Sözü geçen beş polisin, kurdukları whatsapp ağı üzerinden birbirleriyle Hitler fotoğrafları, Nazi sembolleri ve ırkçı sloganlar üzerinden irtibatlı oldukları deşifre edildi. Hessen eyalet başsavcılığı sözü geçen polislerin görevden el çektirildiğini açıklarken, Federal Adalet Bakanı SPD'li Katarina Barley, ''Aşırı sağcı kafa yapısının polis teşkilatında yeri yok'' diye esip gürledi.
Oysa Almanya'da güvenlik teşkilatları içerisinde ırkçı/faşist örgütlenme ve saldırıların haber konusu olmadığı bir gün dahi yok.
'BUZ DAĞININ YALNIZCA GÖRÜNEN YÜZÜ'
Frankfurt'daki beşli Neo-Nazi polis çetesini ''buz dağının yalnızca görünen yüzü'' olarak tanımlayan Sol Parti İç Politika Sözcü Vekili Martina Renner, Neues Deutschland gazetesine yaptığı açıklamada, ''Sonuçta sorulması gereken soru şudur: Polis içindeki Neo-Nazi ve ırkçılardan insanları kim koruyacak?'' (Neues Deutschland, 18 Aralık 2018)
En güvenilmez güvenlik örgütü olarak polis teşkilatı içerisinde ne zaman faşist bir saldırı ya da vukuat olsa ilk yapılan açıklama ''münferit vaka''dır!
Bu nakarat yine bozulmadı. Polis Sendikası Başkan Yardımcısı Jörg Radek, kendilerini ''NSU 2.0'' tanıtan Frankfurt hücresi hakkında yaptığı açıklamada, ''yapısal bir sorun görmediği''ni açıklamakta gecikmedi. Bu türden olayların büyütülmemesini salık veren Polis Sendikası Başkan Yardımcısı Radek'e yanıt veren NSU Davasını İzleme Komisyonu'ndan Caro Keller, ''münferit vaka iddiasının daha fazla ifade edilemeyeceği''ni bir kez daha dile getirdi.
Alman faşist hareketi üzerine araştırmaları ile tanınan Prof. Hajo Junke, NSU davasıyla ilgili olarak güvenlik örgütlerinin içinin Neo-Nazi kaynadığını belirterek, Alman güvenlik aygıtının olayların açığa çıkması için değil, gizlenmesi için çaba gösterdiğini örnekleriyle anlatıyor.

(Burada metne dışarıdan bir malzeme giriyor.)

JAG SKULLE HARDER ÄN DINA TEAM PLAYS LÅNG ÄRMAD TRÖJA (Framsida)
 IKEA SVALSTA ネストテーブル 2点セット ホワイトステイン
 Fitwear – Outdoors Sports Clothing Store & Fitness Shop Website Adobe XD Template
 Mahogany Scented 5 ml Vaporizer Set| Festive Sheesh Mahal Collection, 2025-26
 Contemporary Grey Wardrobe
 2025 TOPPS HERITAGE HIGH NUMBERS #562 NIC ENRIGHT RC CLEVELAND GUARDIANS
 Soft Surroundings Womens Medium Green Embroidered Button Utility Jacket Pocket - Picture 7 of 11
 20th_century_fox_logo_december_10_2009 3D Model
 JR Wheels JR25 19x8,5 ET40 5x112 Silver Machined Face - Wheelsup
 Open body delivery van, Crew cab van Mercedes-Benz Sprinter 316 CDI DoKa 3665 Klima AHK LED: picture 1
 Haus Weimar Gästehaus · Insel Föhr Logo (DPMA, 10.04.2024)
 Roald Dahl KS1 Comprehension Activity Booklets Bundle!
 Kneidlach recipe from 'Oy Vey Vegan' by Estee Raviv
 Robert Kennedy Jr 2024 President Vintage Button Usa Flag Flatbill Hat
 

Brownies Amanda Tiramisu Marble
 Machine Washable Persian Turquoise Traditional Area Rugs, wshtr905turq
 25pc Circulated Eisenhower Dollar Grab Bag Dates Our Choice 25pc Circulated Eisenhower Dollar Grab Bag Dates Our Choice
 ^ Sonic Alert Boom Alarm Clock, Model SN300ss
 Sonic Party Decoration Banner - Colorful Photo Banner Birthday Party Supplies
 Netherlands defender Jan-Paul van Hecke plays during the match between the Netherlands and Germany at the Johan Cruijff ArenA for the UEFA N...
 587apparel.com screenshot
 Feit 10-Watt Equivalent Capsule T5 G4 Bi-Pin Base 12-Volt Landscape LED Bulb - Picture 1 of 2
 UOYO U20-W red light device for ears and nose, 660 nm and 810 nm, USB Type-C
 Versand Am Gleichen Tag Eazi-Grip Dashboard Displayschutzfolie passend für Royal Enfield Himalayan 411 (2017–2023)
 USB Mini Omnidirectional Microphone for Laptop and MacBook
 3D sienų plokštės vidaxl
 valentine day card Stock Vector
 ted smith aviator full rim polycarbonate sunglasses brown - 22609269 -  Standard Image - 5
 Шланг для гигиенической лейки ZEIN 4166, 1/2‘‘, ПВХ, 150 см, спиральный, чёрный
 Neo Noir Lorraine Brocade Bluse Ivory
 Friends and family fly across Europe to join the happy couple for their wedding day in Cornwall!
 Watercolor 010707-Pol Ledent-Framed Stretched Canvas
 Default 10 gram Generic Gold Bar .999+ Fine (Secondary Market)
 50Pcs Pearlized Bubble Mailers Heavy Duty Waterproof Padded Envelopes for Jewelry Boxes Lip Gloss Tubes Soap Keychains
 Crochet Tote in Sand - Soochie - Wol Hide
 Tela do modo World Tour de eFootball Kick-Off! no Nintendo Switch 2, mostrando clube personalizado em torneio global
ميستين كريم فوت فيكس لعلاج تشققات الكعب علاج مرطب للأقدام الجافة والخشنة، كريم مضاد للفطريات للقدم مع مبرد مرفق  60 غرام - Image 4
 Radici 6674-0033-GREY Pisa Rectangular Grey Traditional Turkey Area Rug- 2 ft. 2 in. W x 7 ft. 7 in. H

NSU davası uzmanı Prof. Hajo Junke, Alman iç istihbarat örgütü Anayasayı Koruma Teşkilatı'nın NSU davasında ''sistematik bir karartma çabası içerisine'' girdiğini uzun raporlarla ifade etti.
Alman düzen siyasetçileri nutuk atmayı sürdüredursunlar, son yıllarda polis mermisiyle ölenlerin sayısında radikal artış var.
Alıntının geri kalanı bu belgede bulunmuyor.